Many of us work in roles where our performance cannot be represented by an objective measure that neatly sums us up, and yet many of our performance management systems demand we do just that.
A lot of what we do has a fuzzy impact, with ambiguous barely-detectable results; results that ripple over longer timelines than the yearly appraisal cycle. In some cases our impact might be negative in the short-term because we want to make a lasting change in the long-term: change curves go down before they go up.
This is especially true when learning new skills, because there are phases of incompetence you have to struggle through if you want to gain competence at something new.
Even without these complications it is difficult to judge the full range and quality of what our colleagues do.

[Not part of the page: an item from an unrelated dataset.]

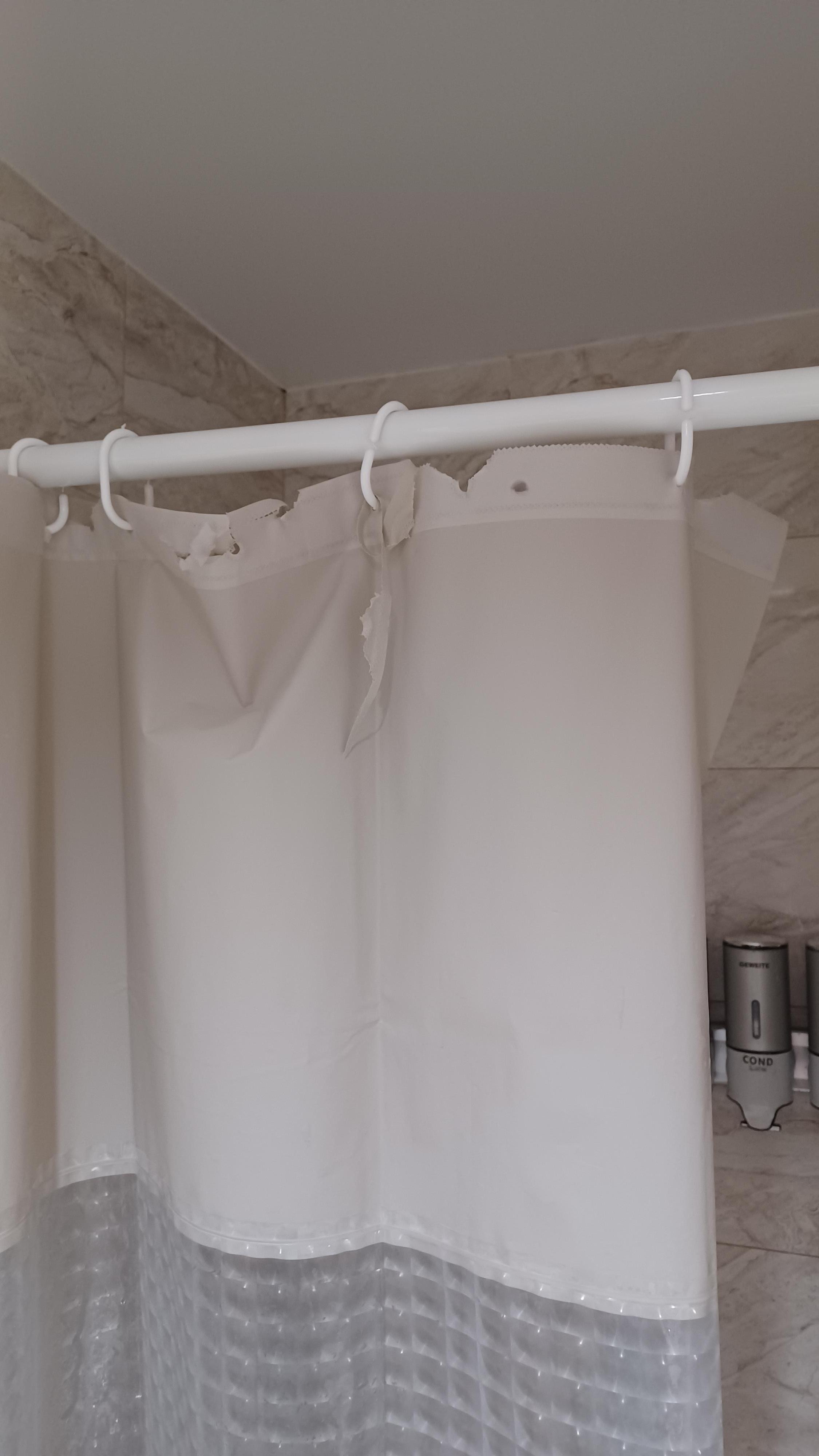 Damage Bath Cortain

We might see them dealing with a difficult customer so skillfully that they make it look easy, so we under-value how much legwork they put in to achieve this level of performance and so we mentally tot it up as routine. Then we move on, only catching glimpses of other people because we’re busy with so much else, those glimpses being more memorable if they ping a bias (or heuristic) such as “confirmation” (it confirms what we thought anyway) or “effect” (we have an emotional response to it) – but these superficial glimpses don’t stop us jumping to subjective judgements and thinking we’re seeing the objective truth about someone’s performance.
If that so-called “performance truth” is decided by people “thinking fast” (Daniel Kahneman), and confirmed by hierarchy rather than expertise, then we’re in trouble.
To quote Ryan Holiday (from The Daily Stoic):
because our senses are often wrong, our emotions overly alarmed, our projections overly optimistic, we’re better off not rushing into conclusions about anything
And this doesn’t change when you get promoted.
To quote John Dickson Carr (from The Emperor’s Snuff-Box):
‘Oh, no,’ said Toby, shaking his head like one who has ineffable knowledge above the gods …
I know a few Toby-leaders who confuse their seniority for an ability to directly perceive objective reality, believing they alone can see what’s true and what’s not. Senior leaders may have the skills and experience to make better decisions once they have the information in front of them (maybe, and if they do, it’s not because of rank!), but unless they’ve made a conscious effort to improve their “thinking slow” skills (Kahneman again), they’re just as susceptible to bias and wonky assumptions as everyone else.
This point is crucial.
We are all limited by our biases and ability to process sensory data, we are all susceptible to believing our own perceptions are better than everyone else’s and being over-confident in our ability to perceive reality … therefore we all need to be humble enough to admit that our perception and instincts are biased and incomplete, yet confident enough to build on them by thinking slowly and deeply to get to a better level of understanding.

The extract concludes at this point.